Base rate to increase to 5% amid persistent inflation fears

The Bank of England has opted to increase the base rate by 0.5% at its monthly meeting of the Monetary Policy Committee, marking the 13th consecutive interest rate rise.

Announcing the historic half point increase, the Bank said it was taking action to counter “significant upside news in recent data that indicates more persistence in the inflation process, against the background of a tight labour market and continued resilience in demand.”

The rise brings the Bank of England base rate to 5%, it’s highest level since before the global financial crisis in July 2008.

Bank of England Threadneedle st

The Bank of England at Threadneedle Street

Chancellor Jeremy Hunt said in response that the government’s resolve to tackle inflation was “watertight”, “because it is the only long-term way to relieve pressure on families with mortgages.

“If we don’t act now, it will be worse later”.

Share prices in leading listed housebuilders dropped around 2% on the news, following similar falls yesterday, with fears intensifying over the economic damage likely from sustained high interest rates.

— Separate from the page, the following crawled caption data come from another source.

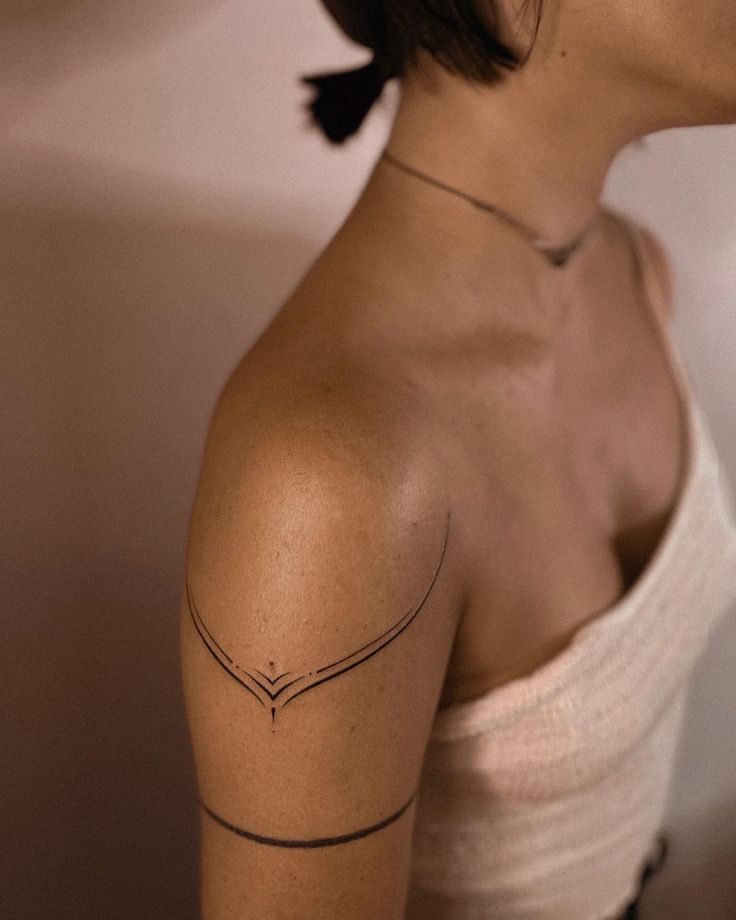 Explore 20 Stunning Fine Line Tattoo Ideas: Minimalist Designs for Women &#038; Men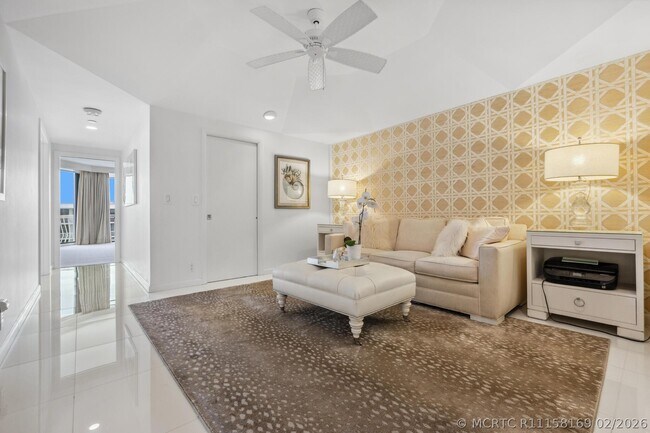Building Photo - 2100 S Ocean Blvd
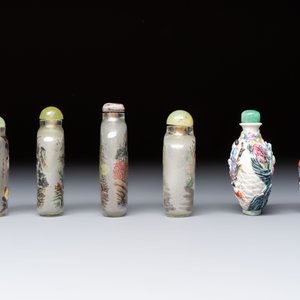 Six Chinese famille rose, enamelled copper and inside-painted glass snuff bottles, various signatures, Qianlong mark, 19/20th C. — photo 5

Capital Economics has warned of a 25% drop in housing transactions this year, while a Treasury advisor has said that a recession will be necessary in order to bring inflation under control.

Anna Leach, deputy chief economist at business lobby group the CBI, said: “The Bank of England had no choice but to go for a bumper rate rise given that inflation had surprised on the upside for the fourth occasion. The sharper increase will come as a blow to hard-pressed households and businesses who are struggling with rising costs.

“With further rises likely from the Monetary Policy Committee this summer, the squeeze on firms and households is set to intensify as they grapple with the highest borrowing costs in 15 years.”